▶ **ASSIGNMENT**: Leave the pictures out and give every entry again exactly.

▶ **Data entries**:
[Start of Attachment]

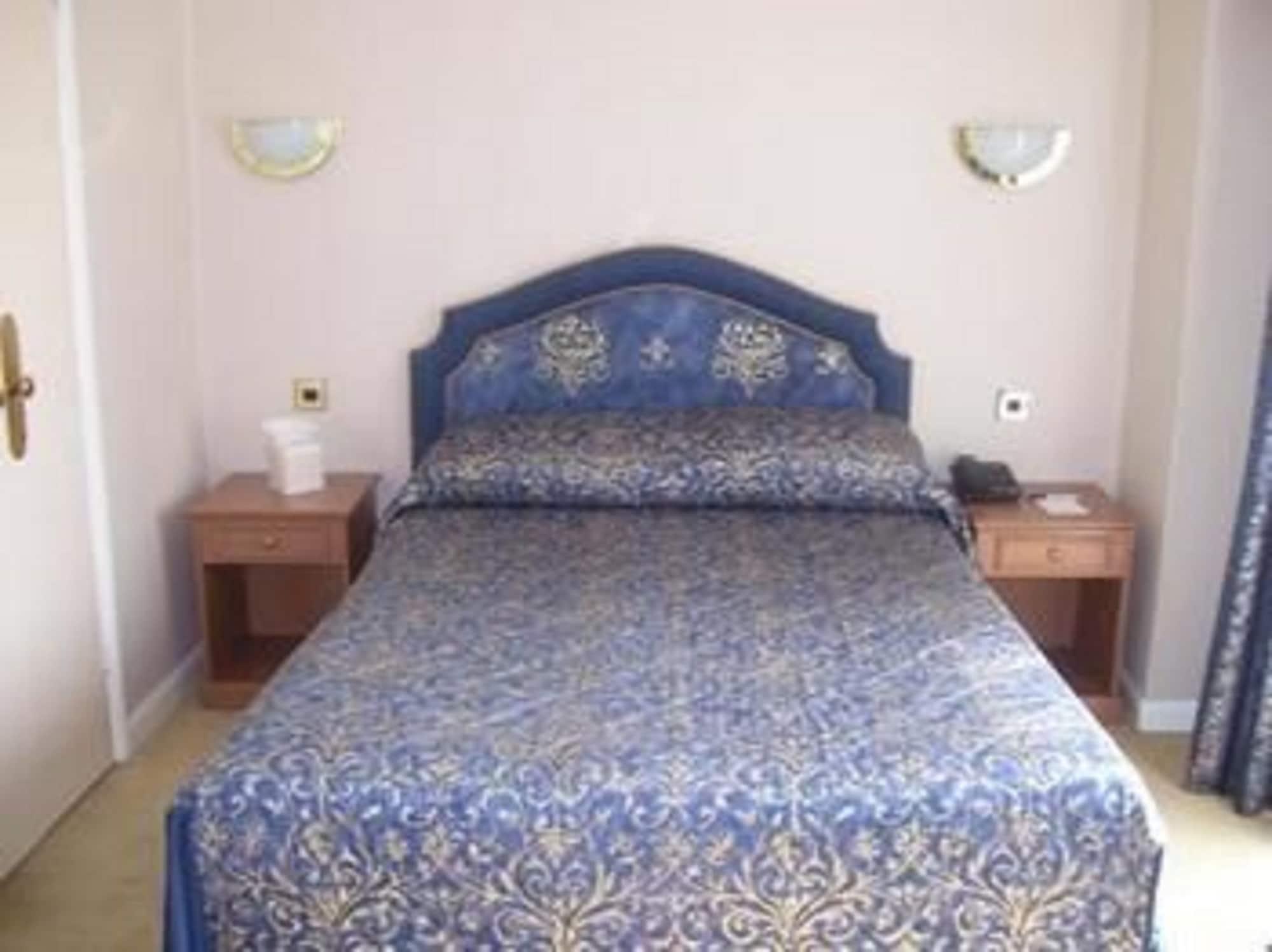 Barn Hotel London Ruislip Luaran gambar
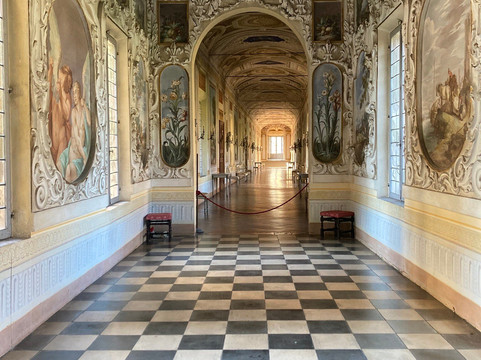 Rocca Meli Lupi di Soragna-Soragna必去景点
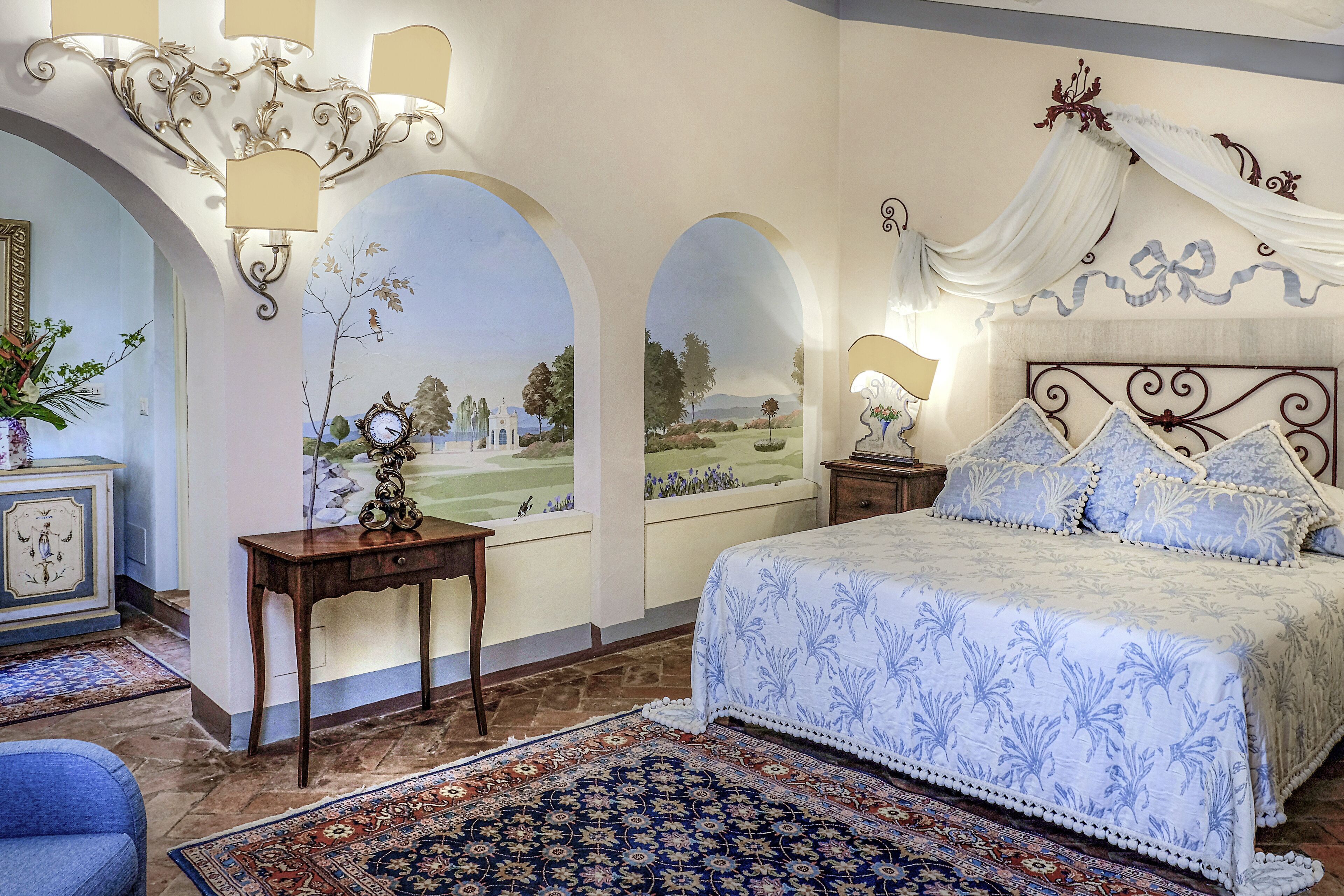 Premium bedding, in-room safe, individually decorated
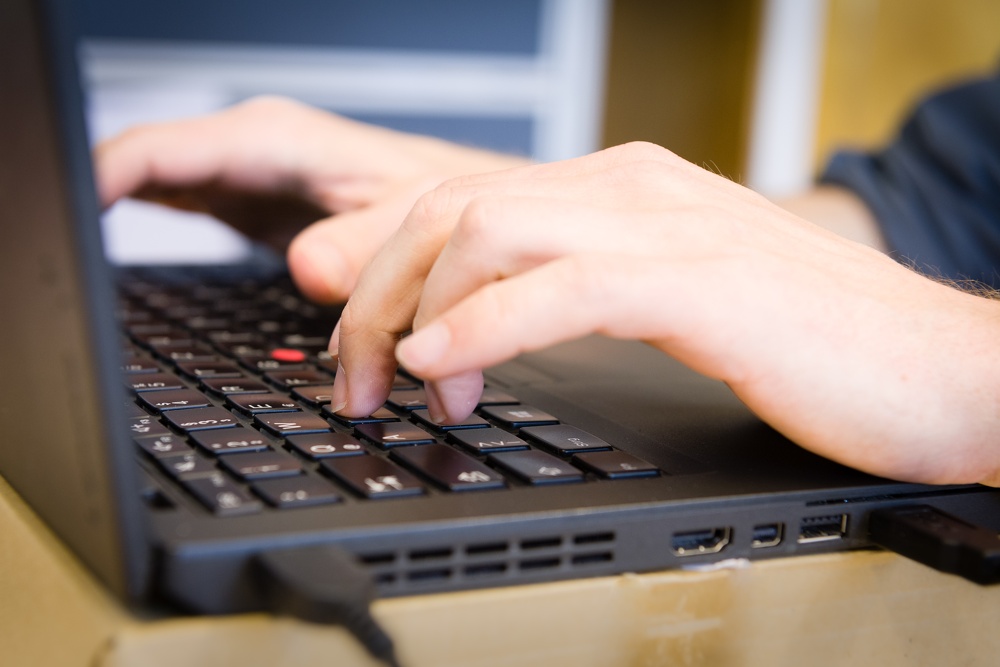 Arbeiten am Laptop Arbeiten am Laptop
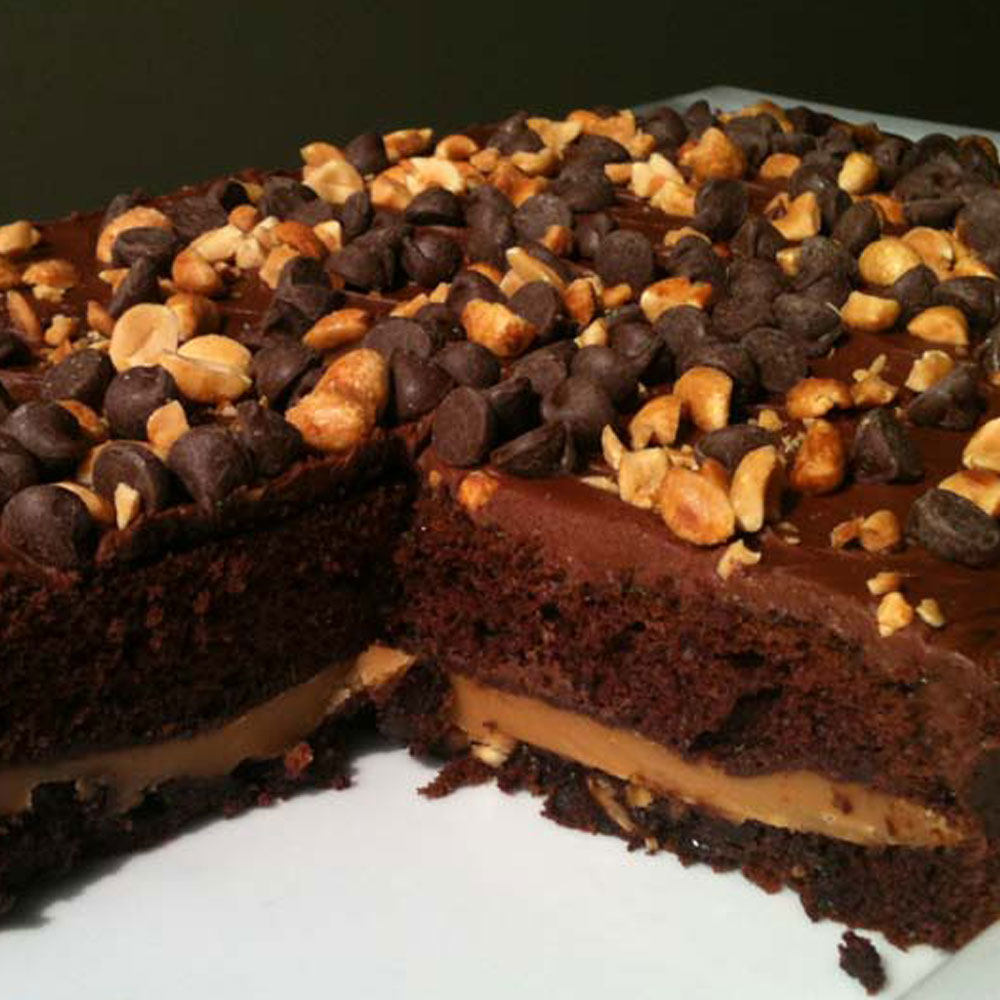 Recipe Turtle Cake Caramel and Chocolate with Peanuts and Chocolate Chip Crunch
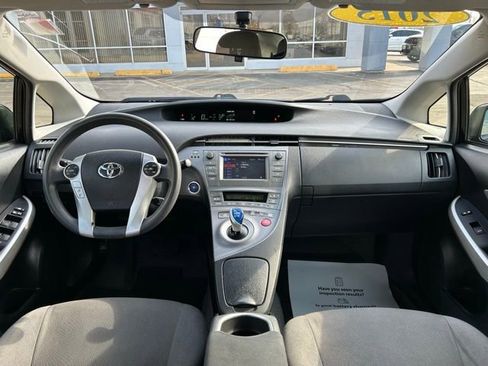 Used 2015 Toyota Prius Two image 21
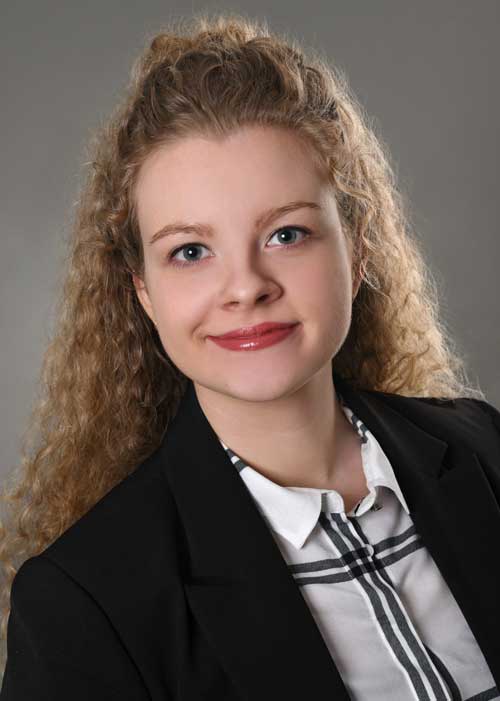 Julia Wessling – Finanzbuchhaltung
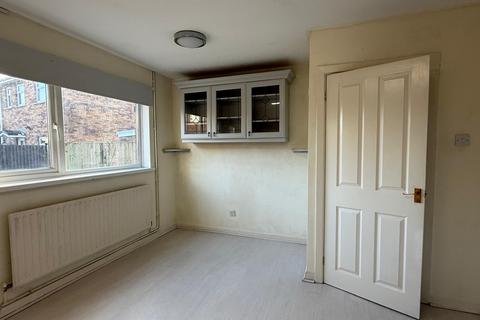 undefined, Rhodfa Frank, Gwyn Fryn Estate SA18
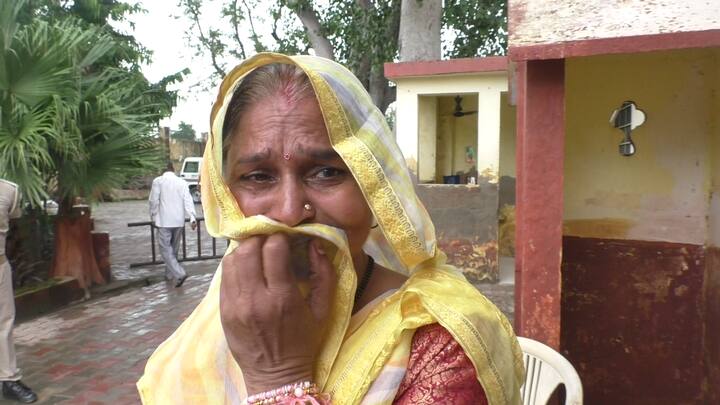 साथ ही जेल प्रशासन की कोशिश है की आसान तरीके से सभी बहनें अपने भाइयों को राखी बांध सके कोई भी बहन अपने भाई को राखी बांधे बगैर नहीं जाए.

[End of Attachment]

▶ **COMPLETED TASK**:
 Barn Hotel London Ruislip Luaran gambar
 Rocca Meli Lupi di Soragna-Soragna必去景点
 Premium bedding, in-room safe, individually decorated
 Arbeiten am Laptop Arbeiten am Laptop
 Recipe Turtle Cake Caramel and Chocolate with Peanuts and Chocolate Chip Crunch
 Used 2015 Toyota Prius Two image 21
 Julia Wessling – Finanzbuchhaltung
 undefined, Rhodfa Frank, Gwyn Fryn Estate SA18
 साथ ही जेल प्रशासन की कोशिश है की आसान तरीके से सभी बहनें अपने भाइयों को राखी बांध सके कोई भी बहन अपने भाई को राखी बांधे बगैर नहीं जाए.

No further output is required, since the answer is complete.